> _Required work_
Everything from the line with "Welcome back to" through the last line of the data below should be copied exactly, apart from the pictures.

[Opening Information provided section]

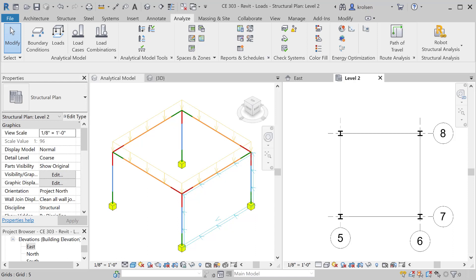Before that though, we need to make sure we have load combinations. The idea with load combinations underneath the Analyze tab is that you have a dead load or a live load and wind loads, and in different conditions those will be added together in the code in different ways.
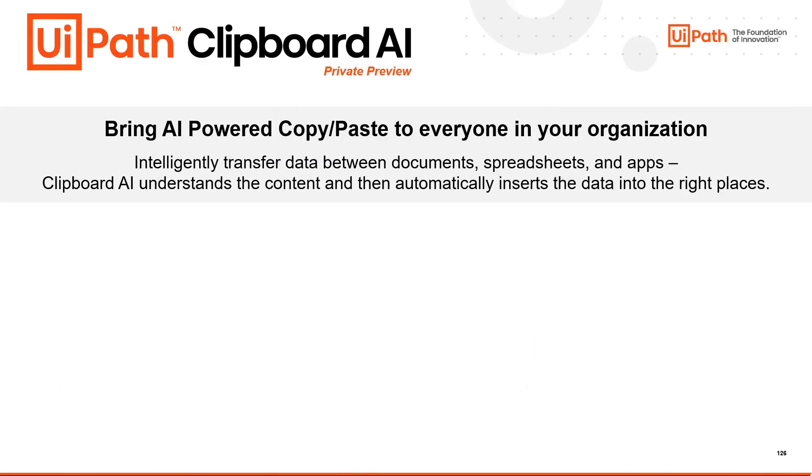Welcome back to part 3 of our 3-part series on Leveraging Clipboard AI with SAP. As a reminder,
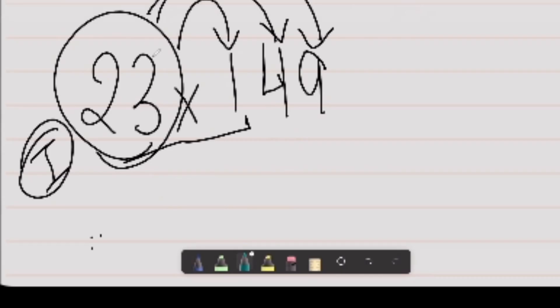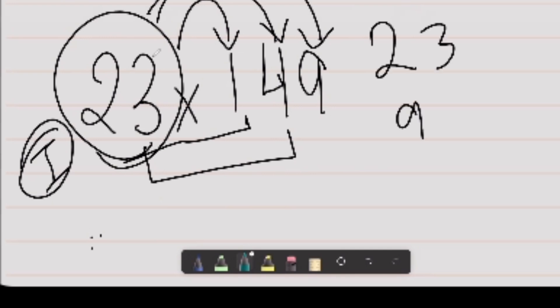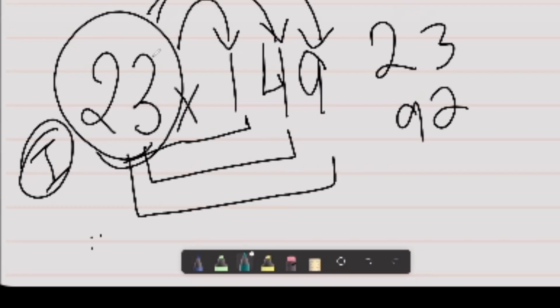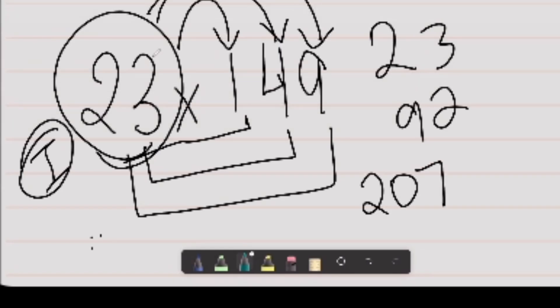We'll multiply 23 by one, then by four, and then by nine — taking turns. So 23 into 1 is 23. 23 into 4 is 92. Then 23 into 9 will be 207. Now I can't simply add these numbers and get the answer — if I add them it will be 322-something, and that is obviously wrong. So we'll have to see our rods.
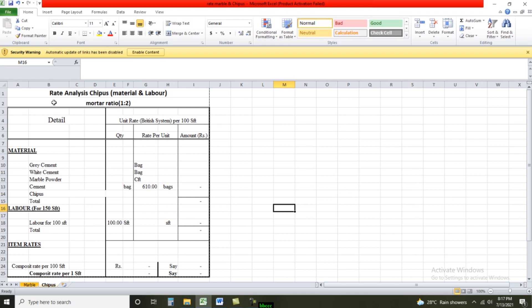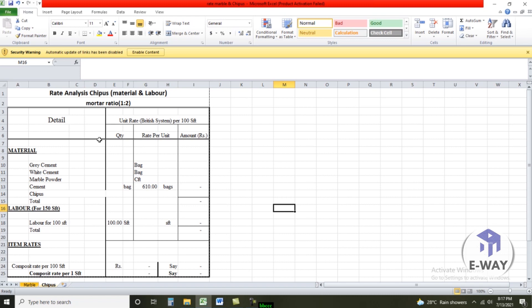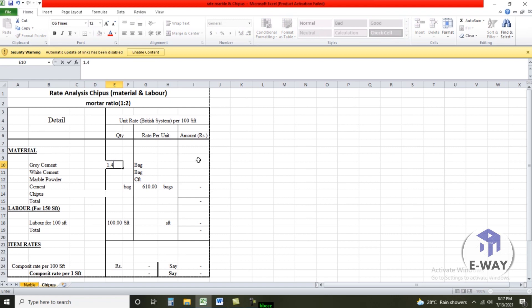In this video we talk about rate analysis for chips, material plus labor, motor ratio one, ratio two. We'll analyze rate for 100 square feet. Material first: grey cement quantity per square feet is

[Closing Information provided section]

> _Your solution_
Welcome back to part 3 of our 3-part series on Leveraging Clipboard AI with SAP. As a reminder,
We'll multiply 23 by one, then by four, and then by nine — taking turns. So 23 into 1 is 23. 23 into 4 is 92. Then 23 into 9 will be 207. Now I can't simply add these numbers and get the answer — if I add them it will be 322-something, and that is obviously wrong. So we'll have to see our rods.
In this video we talk about rate analysis for chips, material plus labor, motor ratio one, ratio two. We'll analyze rate for 100 square feet. Material first: grey cement quantity per square feet is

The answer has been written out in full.